O tornar ao campo não significa o desejo subjectivo contido, por exemplo, no Jacinto d'A Cidade e as Serras, de redescoberta do paraíso perdido. Aquele fora atacado pelo "mal de siècle", o tédio e a ociosidade. Os portugueses de agora são o alvo, aparentemente inconvertível, de uma ideologia protectora dos poderosos. Em vez de uma história em tempo longo mas, apesar de tudo, inspiradora de esperanças, impõe-se uma história com algo de sórdido e de inumano.
Aquilo que vale, do ponto de vista de economistas associados àquela doutrina, é a relatividade dos valores, e a consequente mutação dos indicadores financeiros. O "capitalismo desgovernado", de que falou, anteontem, em Fátima, D. Jorge Ortiga, arcebispo de Braga, resulta da própria natureza predadora do sistema.

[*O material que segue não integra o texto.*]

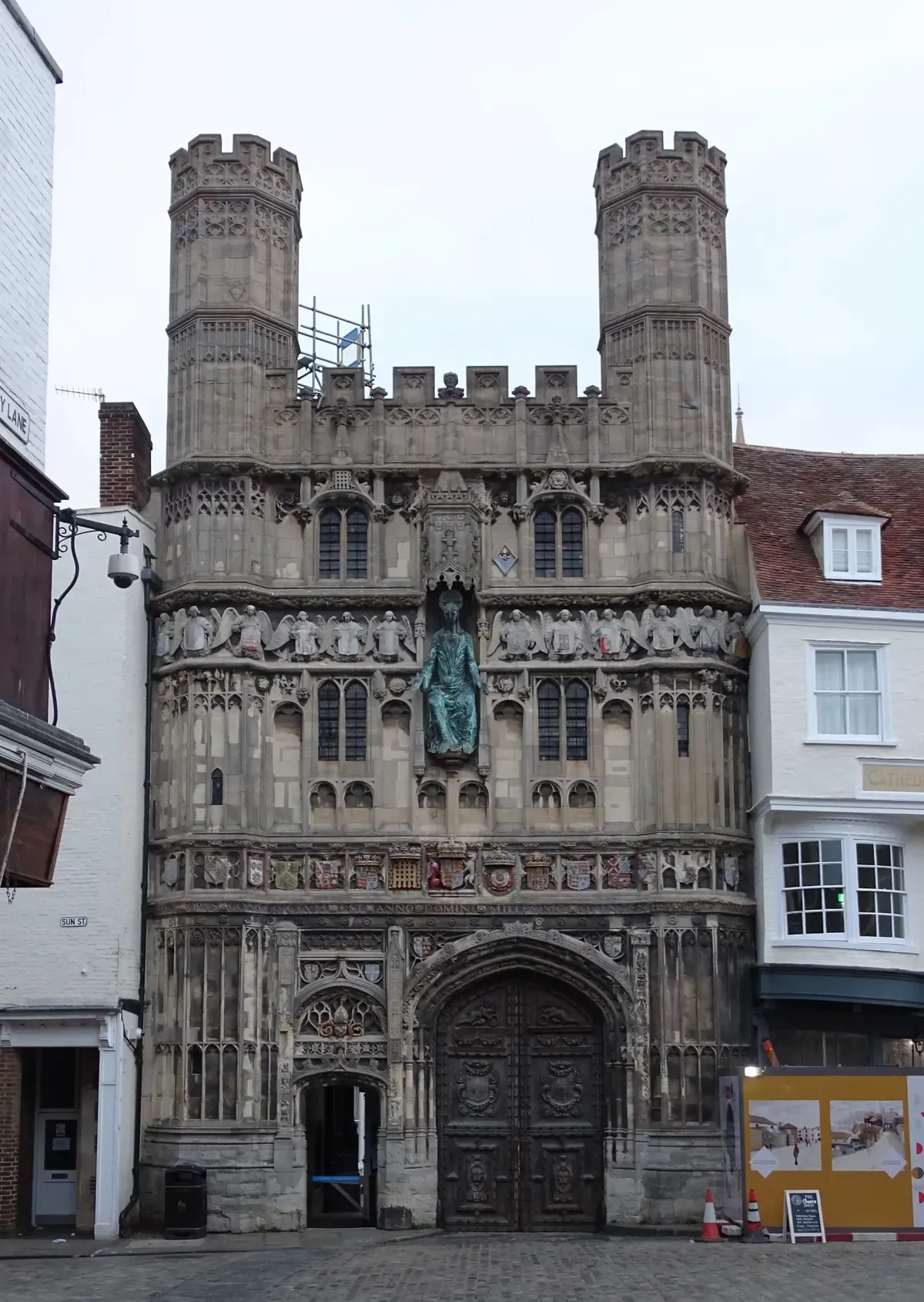 Christ Church Gate at the entrance to Canterbury Cathedral on a day trip from London to Canterbury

Aquele prelado, aliás, tem criticado a passividade dos cristãos ante o que considera uma pesada ameaça à Humanidade. Há um manifesto e significativo mal-estar em certos sectores da Igreja na análise à violência da razão dominante.

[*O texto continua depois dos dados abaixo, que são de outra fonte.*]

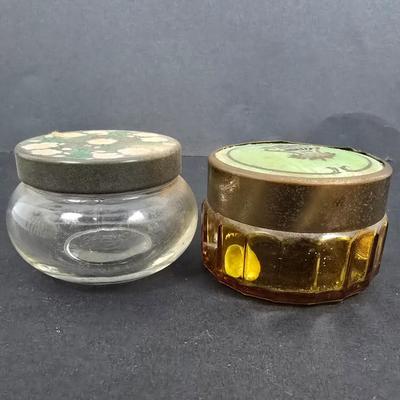 LOT 199: Ladies' Vanity Set with Vintage Handkerchiefs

Pedro Passos Coelho não se sente constrangido ao obedecer aos ditames desta ideologia de repressão. Mas os efeitos de contágio são perigosos. Como já foi dito, o primeiro-ministro abriu a caixa de Pandora e não sabe como fechá-la. Acha-se muito confortável entre aquela gente com a qual se encontra nos sinédrios internacionais. Olhamos e não acreditamos que sejam eles que regem os nossos destinos. As flutuações do tempo, desde a queda do Muro de Berlim, permitiram a ascensão de uma mediocridade impante, que não garante nem a nossa liberdade nem a nossa segurança.

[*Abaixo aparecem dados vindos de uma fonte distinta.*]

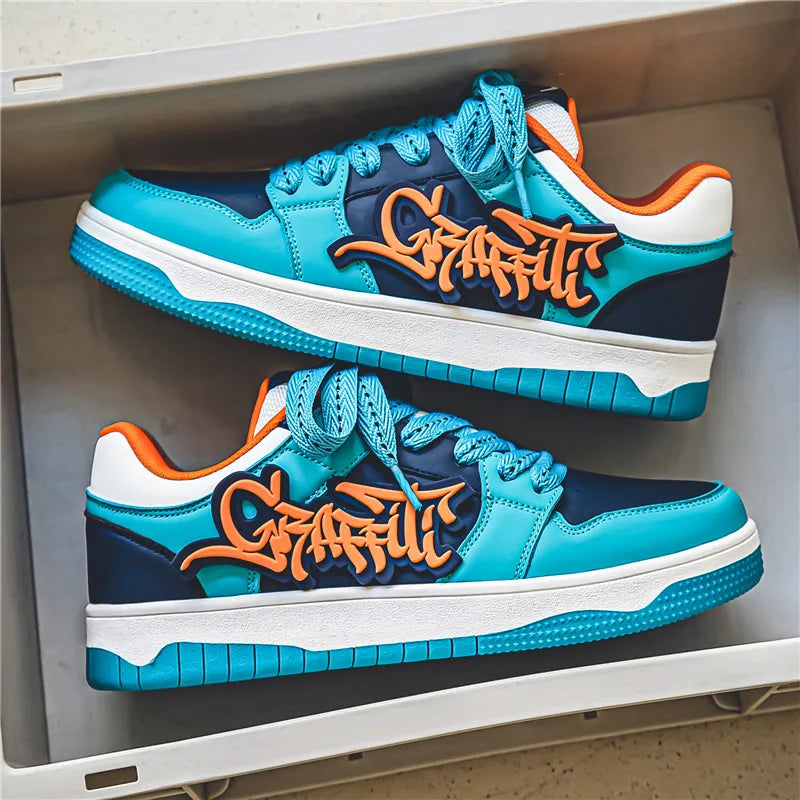 Designer Skateboard Shoes Men Streetwear Sneakers Luxury Platform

No PS, infelizmente, há quem simpatize com estes princípios dominantes, e aceite a versão de um mundo descomprometido dos valores do "universal humano." A ética é substituída pela pragmática, o eufemismo mais vil que existe para dissimular a traição. A exaltação do empobrecimento, como justificação para o equilíbrio das contas públicas, leva à degradação do ser, em todas as variantes. Uma loucura cega atravessa a Europa e invadiu Portugal. O regresso à terra é uma remigração exclusivamente determinada pelo capitalismo. A Igreja começou a advertir de uma deformidade que nos impele à destruição.